§ **Exercise objective**
Please reproduce the data exactly, excluding any pictures it contains.

§ **Input for this task**
*-*-*

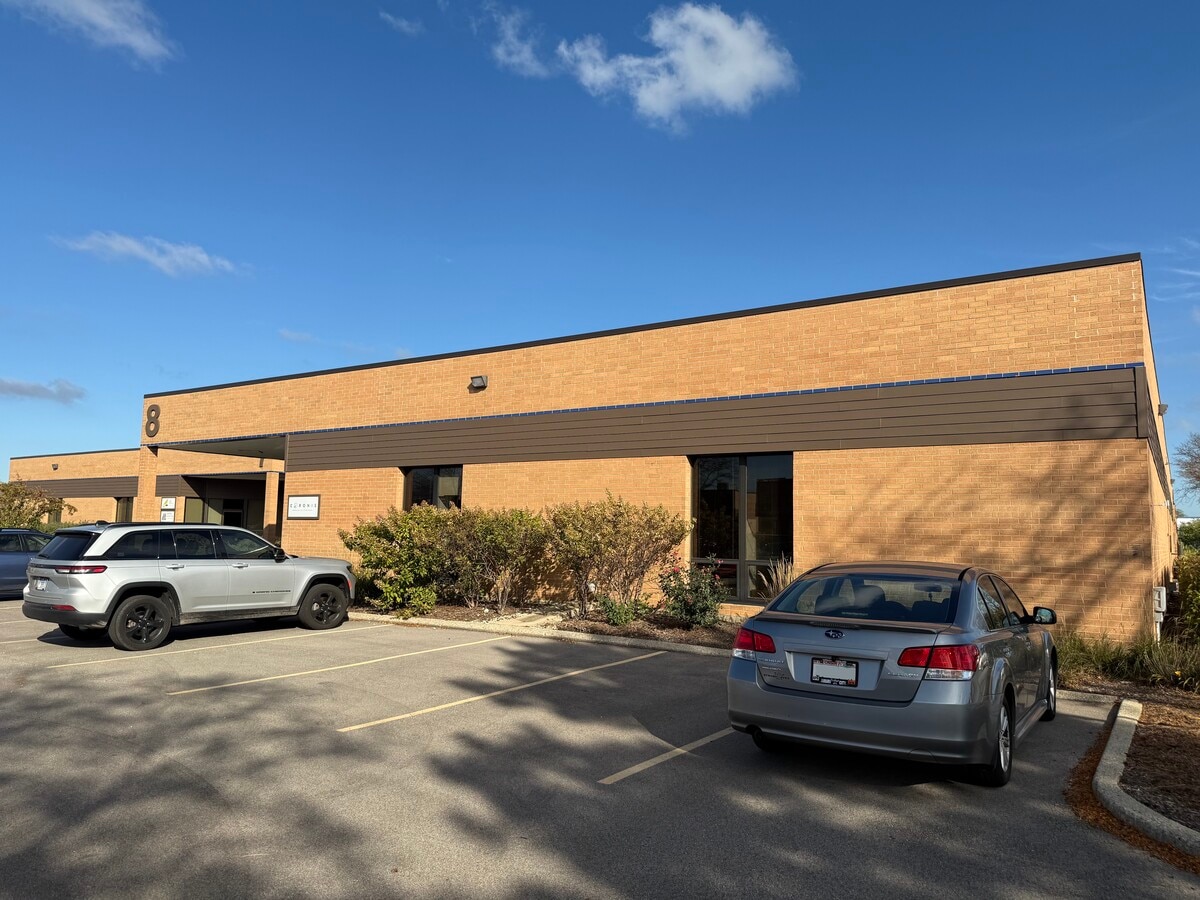 425 Huehl Rd, Northbrook, IL 60062 - Unit 8 -  - Interior Photo - Image 1 of 10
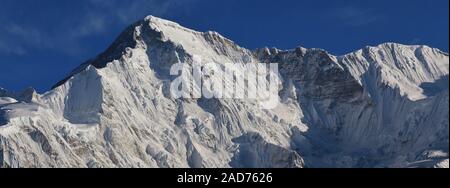 Picco coperto di neve del monte Cho Oyu, Nepal. Vista da Gokyo, Everest National Park, Nepal. Foto Stock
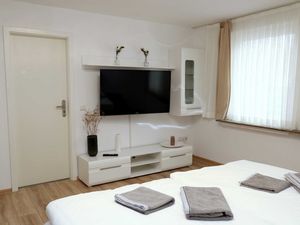 22284035-Ferienwohnung-2-Essen-300x225-5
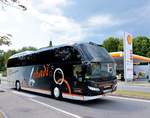 Neoplan Cityliner von Leonhardsberger Reisen aus �sterreich 2017 in Krems.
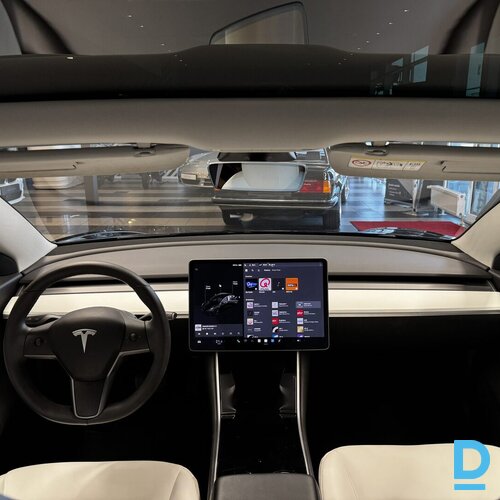 Pārdod Tesla Model 3 Standard Range Plus, 2019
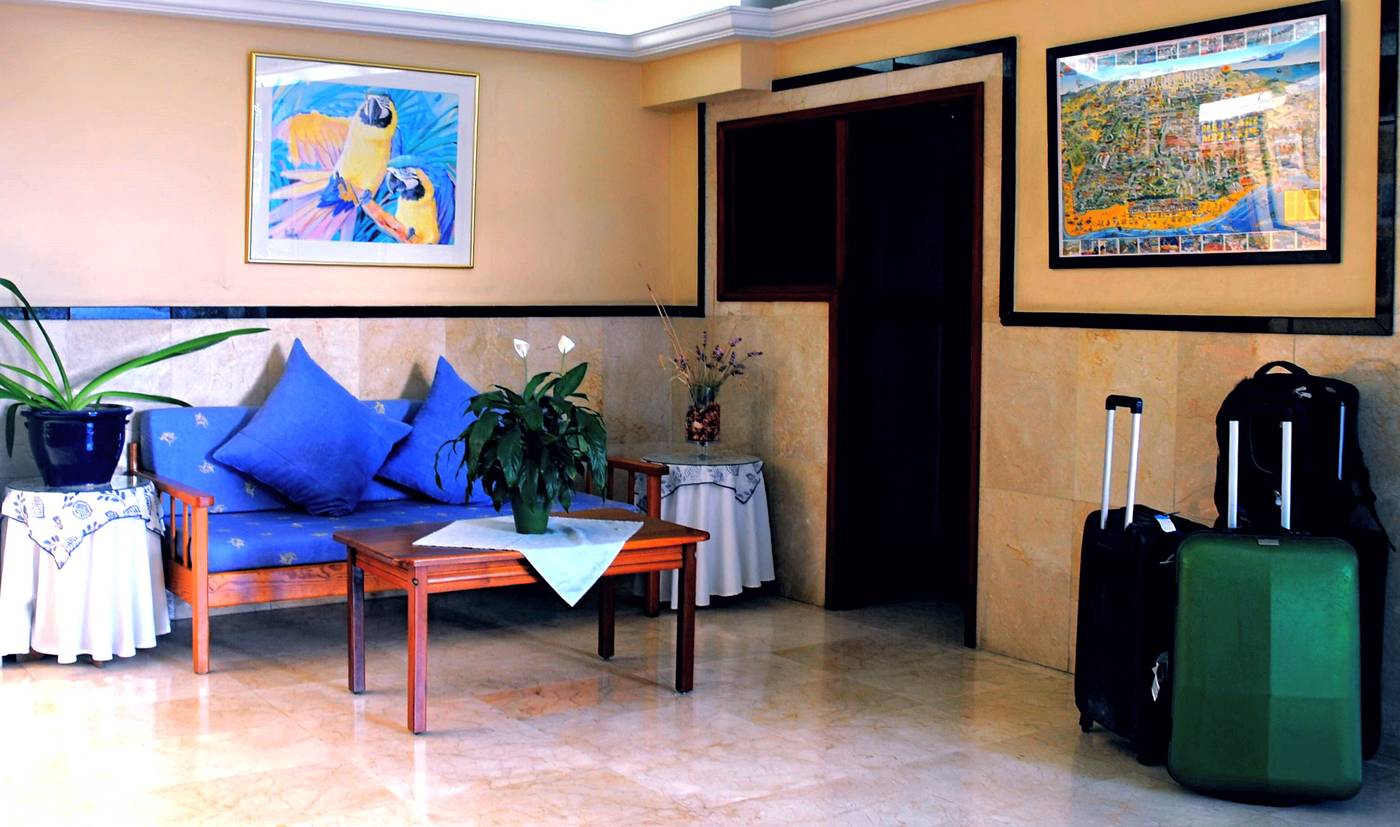 Tamaran-Apartamentos-Lobby-32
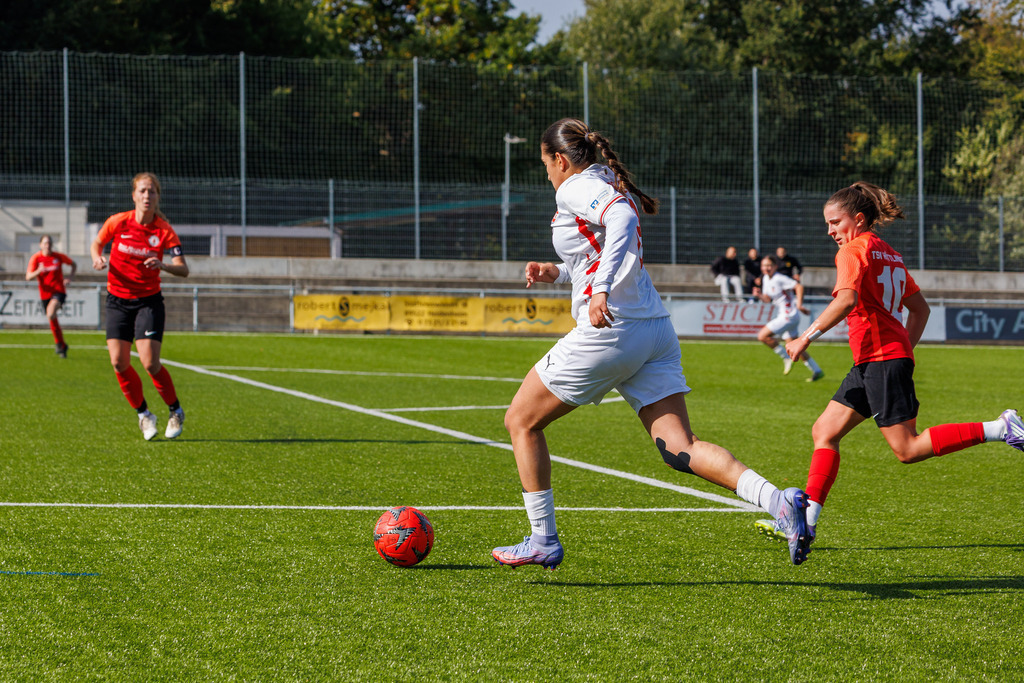 FCHHÜT_251003_4395 | 1.FC Heidenheim 1846 II vs. TSV Hüttlingen, Fußball, Frauen, Bezirkspokal, 2025/2026, 1.Runde, 03.10.2025 in Mergelstetten, Sportplatz 2(Foto: Michael Bulling) - Realisiert mit Pictrs.com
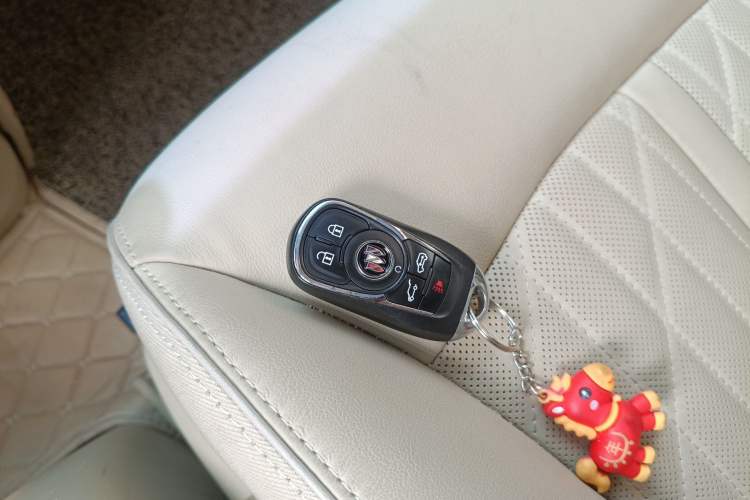 Used Buick GL8 2023 Land Business Class Smart Deluxe Model Vehicle Key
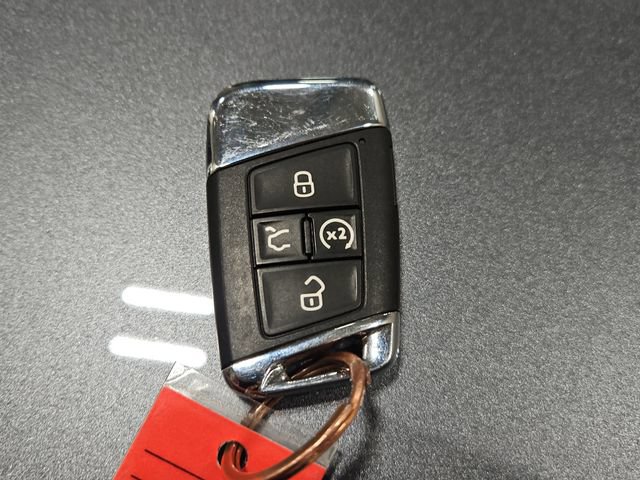 Used 2022 Volkswagen Atlas Cross Sport SE AWD/4WD image 28
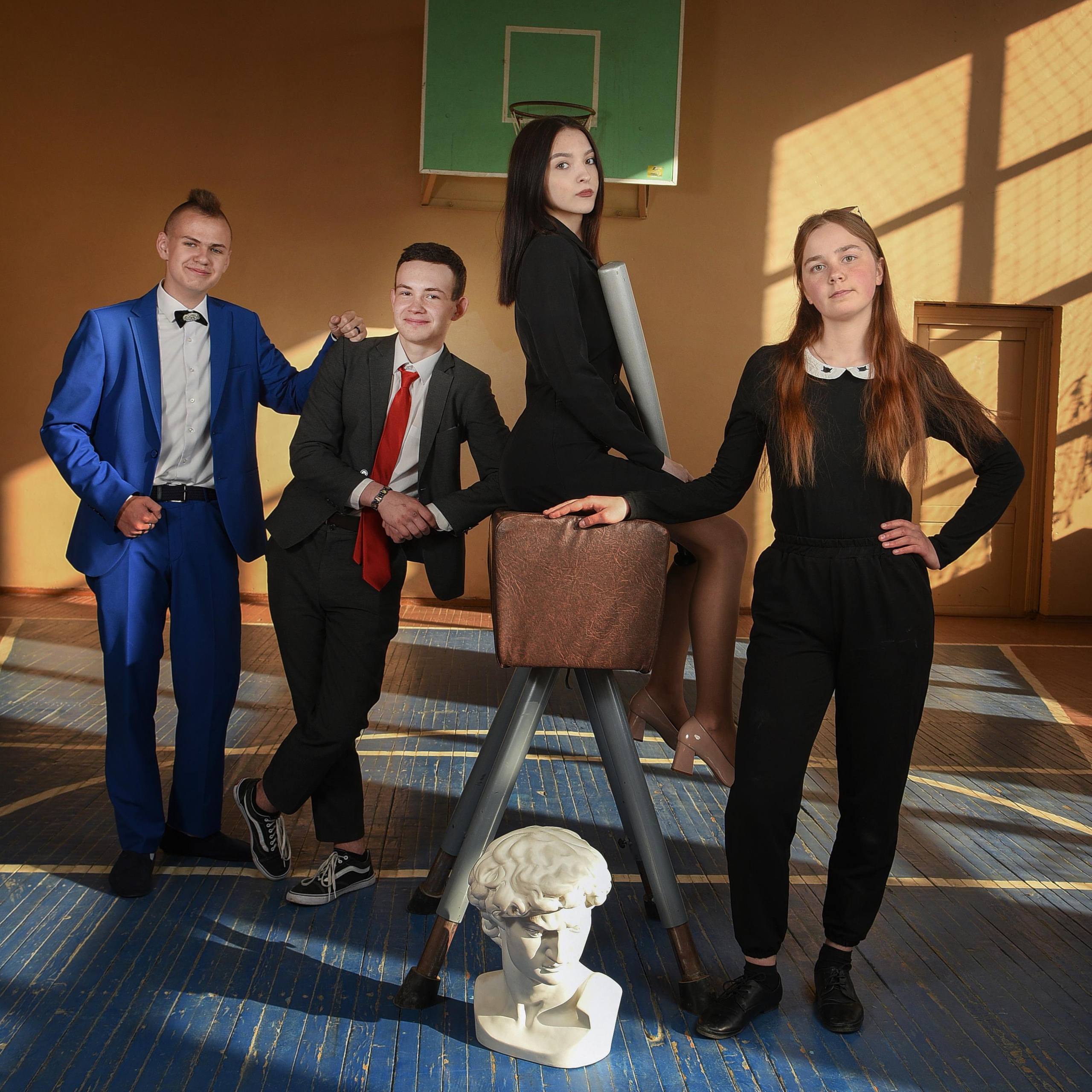 Фотосессии в школе. Выпускные альбомы в Кургане, Твой альбом, Книга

*-*-*

§ **Completed task**
 425 Huehl Rd, Northbrook, IL 60062 - Unit 8 -  - Interior Photo - Image 1 of 10
 Picco coperto di neve del monte Cho Oyu, Nepal. Vista da Gokyo, Everest National Park, Nepal. Foto Stock
 22284035-Ferienwohnung-2-Essen-300x225-5
 Neoplan Cityliner von Leonhardsberger Reisen aus �sterreich 2017 in Krems.
 Pārdod Tesla Model 3 Standard Range Plus, 2019
 Tamaran-Apartamentos-Lobby-32
 FCHHÜT_251003_4395 | 1.FC Heidenheim 1846 II vs. TSV Hüttlingen, Fußball, Frauen, Bezirkspokal, 2025/2026, 1.Runde, 03.10.2025 in Mergelstetten, Sportplatz 2(Foto: Michael Bulling) - Realisiert mit Pictrs.com
 Used Buick GL8 2023 Land Business Class Smart Deluxe Model Vehicle Key
 Used 2022 Volkswagen Atlas Cross Sport SE AWD/4WD image 28
 Фотосессии в школе. Выпускные альбомы в Кургане, Твой альбом, Книга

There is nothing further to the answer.